In an impassioned speech on protecting voting rights in America, Joe Biden declared he's "tired of being quiet", and said he backs changing Senate rules that have stalled voting rights legislation.
The U.S. President used his speech in Georgia on Wednesday to insist the "battle for the soul of America is not over."
Biden told a crowd in Atlanta that he'd been having quiet conversations with senators for months over the two bills — a lack of progress that has brought his criticism from activists in his own party.
The president blamed Republicans for refusing to protect voting rights and for holding up the stalled legislation.
"Not a single Republican has displayed the courage to stand up to a defeated president to protect America's right to vote, not one. not one," Biden said.
Current Senate rules require 60 votes to advance most legislation — a threshold that Democrats can't meet alone because they only have a 50-50 majority with Vice President Kamala Harris to break ties. Republicans unanimously oppose the voting rights measures.
Biden spent decades in the Senate, and he spoke of how much it's changed for the worse, calling it "a shell of its former self." He spoke of an era not long ago when an issue like voting rights would never have been so rancorously partisan.
He recalled working with notorious segregationist lawmakers in the Senate to get legislation passed and for it then to be signed into law by Republican presidents. But now, the filibuster has been used rampantly to block even the debating of some legislation.

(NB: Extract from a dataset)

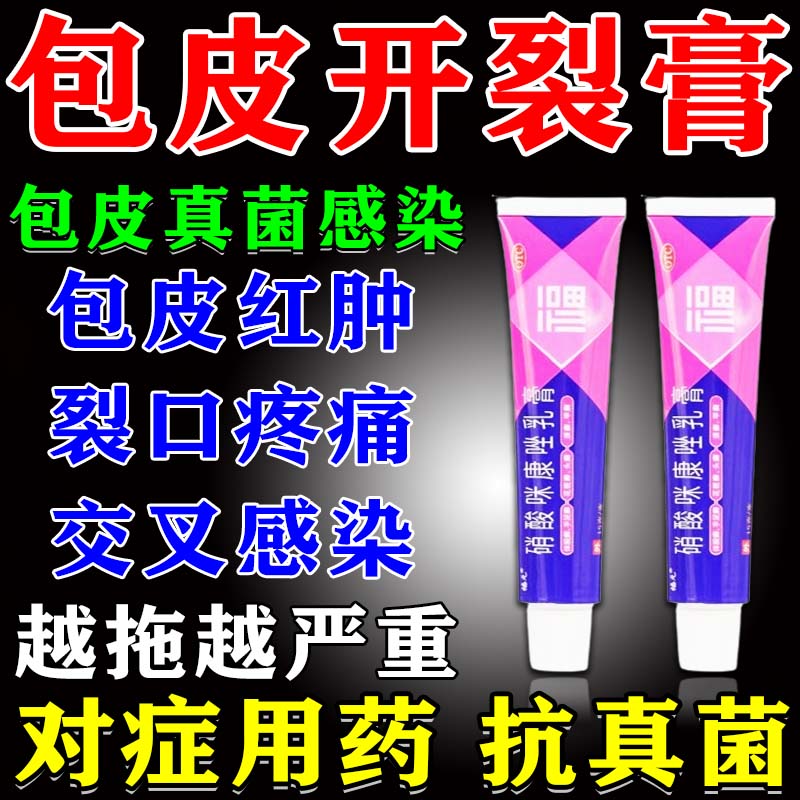发炎裂口红肿疼痛私处瘙痒流脓用什么药男性私处龟头炎硝酸咪康唑乳膏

Biden told his audience: "The next few days, when these bills come to a vote, will mark a turning point in this nation."
"Will we choose democracy over autocracy, light over shadow, justice over injustice? I know where I stand. I will not yield. I will not flinch," he declared. "I will defend your right to vote and our democracy against all enemies foreign, yes and domestic! And so the question is where will the institution of the United States Senate stand?"
Not all Democrats are on board with changing the filibuster rules. Conservative West Virginia Sen. Joe Manchin threw cold water on the idea Tuesday, saying he believes any changes should be made with substantial Republican buy-in.